I could sit up in the bath and Joe was about the age where bathing was a
play time, so Joe would play “lets-see-how-long-little-brother-can-hold-his-breath,”
which explains my short-term memory problem.
Actually,
my parents were there supervising, but that didn’t mean that problems didn’t
arise. Picture the scene. There, in the quiet of the evening, with the
problems of the day behind the Towles family and the moment of rest and slumber
ahead of them, they would gather in the bathroom for the night-time scrubdown
and bed time. Mom and Dad would strip us
down and place us in the warm communal waters of brotherhood. With toys and washcloths and soap, they commenced
bathing, but they neglected to tell us filthy little boys that our purpose in
the tub was to reverse our filthy state, to scrub us clean, to make us less
malodorous. We didn’t get it.
We thought
bath time was fun time, where we splashed and threw toys, or we thought it was
torture time where brother Joe played the aforementioned “underwater” game, or
we thought it was potty time. Yes, you
read that correctly. I would love to
blame the brown submarines that often accompanied our communal tub time on my
brother Joe, but I know that I was the creator of those floaties.
At this
stage of fatherhood, I reflect on the communal tub scene with a bit of
confusion. Before I became a father, I
just thought it was a funny I-soiled-the-tub-I-shared-with-Joe story. It was humorous, that satisfied grin
stretched on my face as Joe tried to avoid my creation as it sped toward him in
the ever-shrinking tub.
As a
parent, I am confused that they still tried it after the first time I added my
own efforts to “tub time.” Why would
they keep on taking that risk? Why did
they put us in the tub together again, repeatedly?
It just
presented a potential for much more work than two boys being bathed
separately. It required a massive
cleanup effort: the tub, then Joe, then
me, then my Mom or Dad, depending on who cleaned the tub.
It didn’t
seem like a good idea, but communal tubbing revealed a massive secret of
parenthood: when it’s your idea, you
tend to hang onto it longer than if someone told you about it. That’s the issue with parenting: it makes you an expert, even though you’re
clueless. My parents didn’t know what
the heck they were doing, but we kids depended on them to hose off the stale
applejuice and peanut butter.
Fortunately,
the time for communal bathing came to an end, mostly because Joe could remember
that I had a penchant for using the tub as a toilet, and they realized that the
time of usefulness for communal bathing had come to an end. (Joe would pitch a fit when they’d dunk me in
beside him.) My parents’ recognition
that their good idea (communal bathing) was not a permanently good idea
showcases a great principle of parenting:
change is inevitable.
They
recognized that getting us both in the tub was going to get more difficult and
that getting us out was going to get easier.

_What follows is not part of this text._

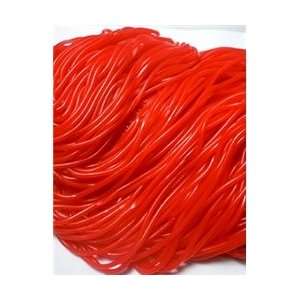 Imported Red Strawberry Licorice Laces 5 Grocery & Gourmet Food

Joe knew that I was going to befoul the tub at some point, and there was
a distinct possibility that I would learn that spoiling the bath time triggered
an abrupt exit. (It’s fun to get a
quick, loud, excited reaction from Mom and Dad, so why not?)
So when the usefulness of the effort has run its course, it’s good to
recognize the change and never to look back.
In other words, when there’s a turd in the tub, it’s time to get out.
1 comment:
My mind went to marking the tub as my own territory. It reminds me why at a young age some of us thought our poop did not smell, at least not as bad as my brothers!